Why can't I do this? I know it's impossible, but not sure why.

.... · Feb 28, 2008

Take 1Gb, that is about one billion bits(rounding it off.).

EDIT corrected calculations, thanks to ConayR's observation!

Now we split the large one billion digit base 2 number into 100 million 10 digit base 2 chunks in linear order. We take a base 1000 system, and convert each 10 digit chunk into a single base 1000(rounded off from 1024 but think of it as 1024 if you'd like) symbol. We end up with a linear sequence of 100 million 'base 1000' digits.

We take an HD picture, which is about 500KB, we send this 500KB pic, and have it transformed into a base 2 1Gb number.

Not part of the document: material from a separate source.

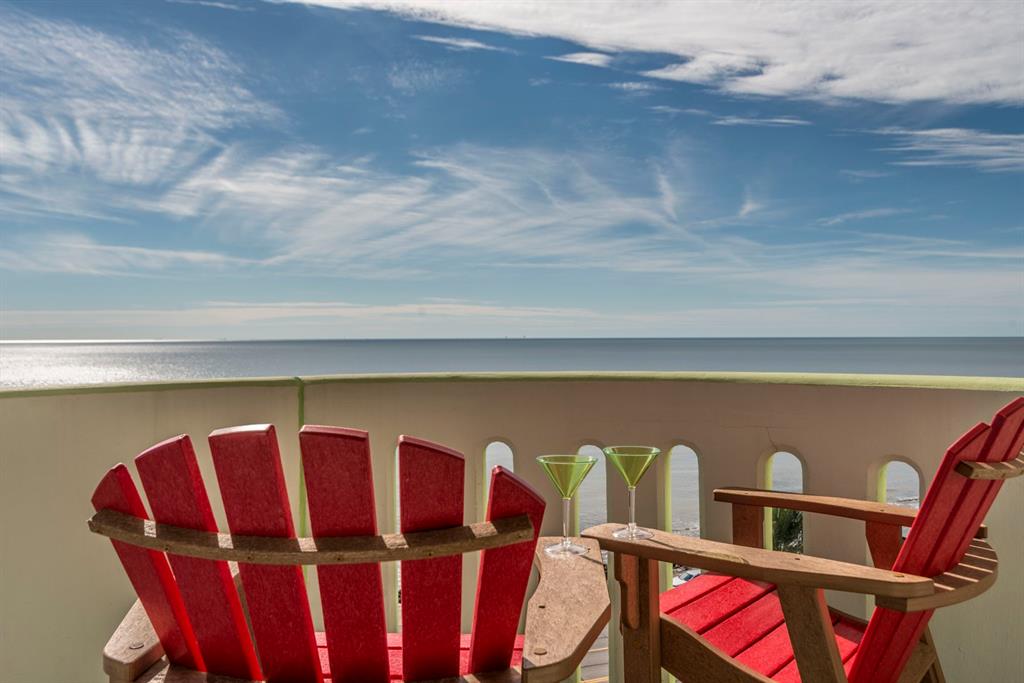 9420 Seawall Boulevard #805, Galveston, Texas image 2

Obviously it's impossible, but I'm not sure why.

Dominik D · Feb 28, 2008

And why is it supposed to be impossible other than 1000 base 2 digits can hold values larger than one 1000 base digit?

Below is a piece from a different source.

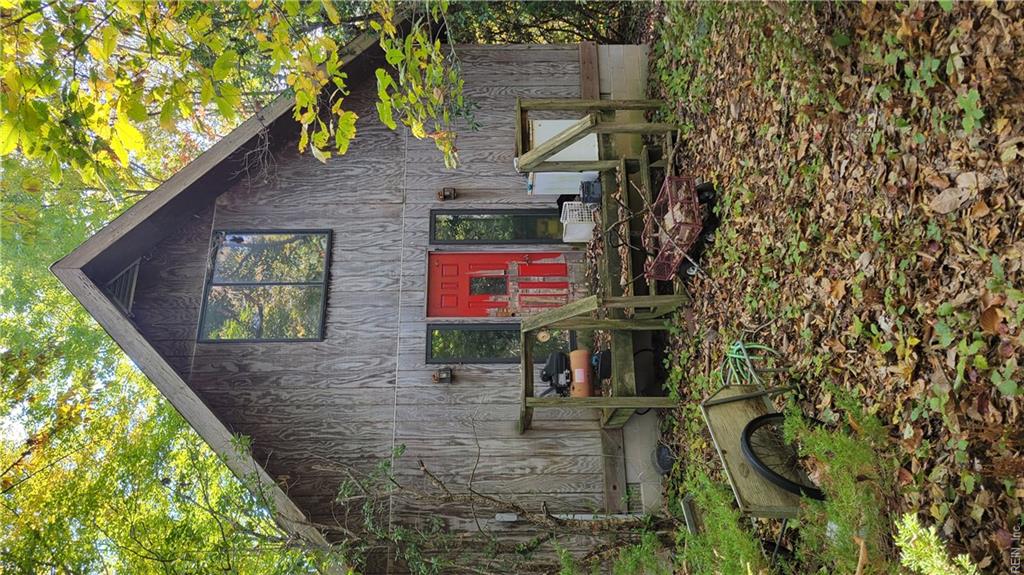 10924 Kings Hwy Property Photo 1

Just to make it easier to understand: 1000 base 2 digits can hold values from 0 to 2^1000 - 1. One 1000 base digit can hold values from 0 to 999. 1000-base digit can be represented on 10 bits (0..1023) 1000 base 2 digits can be represented on 1000 bits. Obviously you cannot squeeze 1000 bits into 10.

.... · Feb 28, 2008

True, the base is higher or we need smaller chunks, I'll recalculate in a moment.

Dominik D · Feb 28, 2008

Good luck. To squeeze 1000 bits in one digit you need 2^1000-base digit. 2^100 = 1267650600228229401496703205376 and it's already silly base for any number. But sure, go for 2^1000 if you want.

.... · Feb 28, 2008

EDITED OUT wrong calc.

Dominik D · Feb 28, 2008

The problem is you can put only 9 bits of binary data in base 1000 digit. But you need 10 bits to save base 1000 digit. You will end up using 11.(1)% more (file) space so you should work on your math a little bit, starting with multiplication, division and exponentiation.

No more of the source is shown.